By: Afaq Bhat
Srinagar,: In September 2014, Kashmir witnessed the worst floods of the century. The catastrophe claimed many lives and damaged properties.
After the disaster struck the then J&K Government prepared many proposals and assured the people that steps will be taken to ensure that if any natural disaster like flood strikes in years to come measures will be put in place to prevent the situation from taking an ugly turn.
“Even seven years after floods wreaked havoc in Kashmir, nothing much has been done to strengthen the banks of River Jhelum and other streams and Nallahs which entered into the houses of people and swept away everything that came in their way,” an expert told Precious Kashmir.
He said that the dredging work of Jhelum River in Srinagar city which was taken up during the PDP led regime is yet to be completed. “If Kashmir witnesses 2014 like situation again, there is every possibility of the Valley witnessing huge losses,” the expert added.
It’s in place to mention here that there are many areas in Kashmir that can witness flash floods as they are situated near the river banks. “The government needs to formulate a plan to prevent disasters from taking place,” said a retired engineer.
He said, “Flood protection system in Kashmir has outlived its utility and it needs to be revamped.”
On Wednesday, a cloudburst hit a remote Honsar village in Kishtwar district. The rains that followed the cloudburst swept away the entire hamlet. Seven bodies were recovered while 19 people are still missing and they are feared dead.

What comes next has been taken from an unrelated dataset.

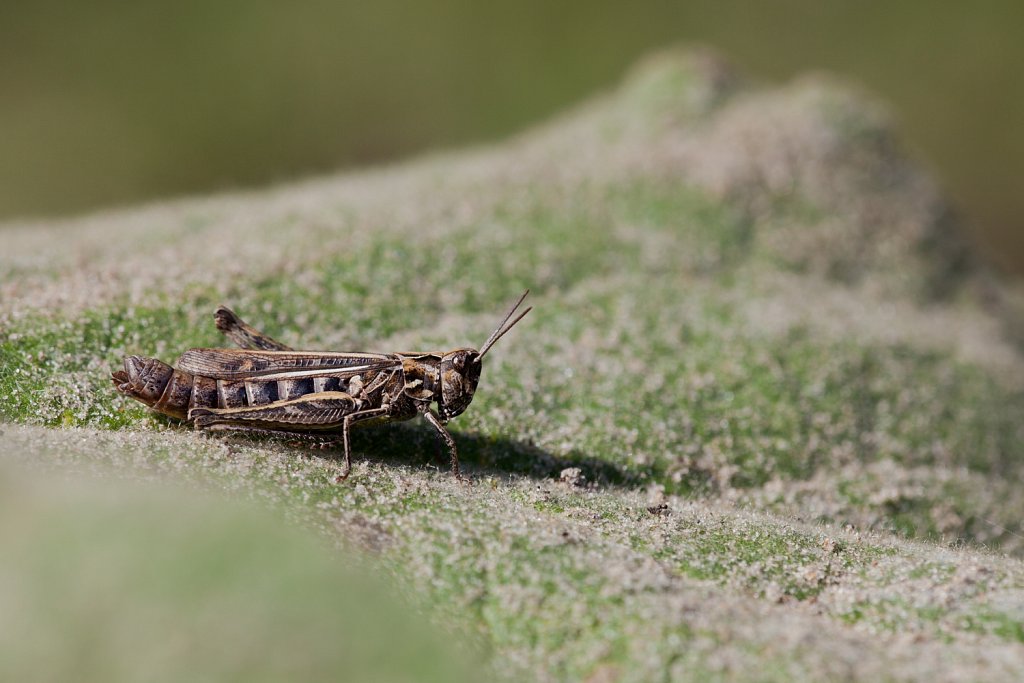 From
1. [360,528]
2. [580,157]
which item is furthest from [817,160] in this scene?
[360,528]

“No one can predict natural disasters, and there is no way through which such incidents can be prevented. Only possible option is that precautionary measures can be put in place to prevent the loss of lives. The areas where threat perception is high should be declared as no construction zones. It has been observed that whenever a catastrophe strikes, people living near riverbanks or in high altitude areas are the worst sufferers,” said an observer.
He said, “Recent tragic incident at Kishtwar should serve as an eye opener. Whenever, weatherman issues an alert the government should get the people living in vulnerable areas evacuated. This can help in saving precious human lives. Taking preemptive measures are better than providing monetary compensation after a person dies.”
“If 10 centimeters of rainfall is received at a station in one hour, the rain event is termed as cloudburst. This sudden discharge of a large amount of water not only leads to human casualties but also loss of property,’ said an expert.
“Kashmir usually witnesses heavy rainfall in August and September months. During this time administration needs to be more alert,” the observer added.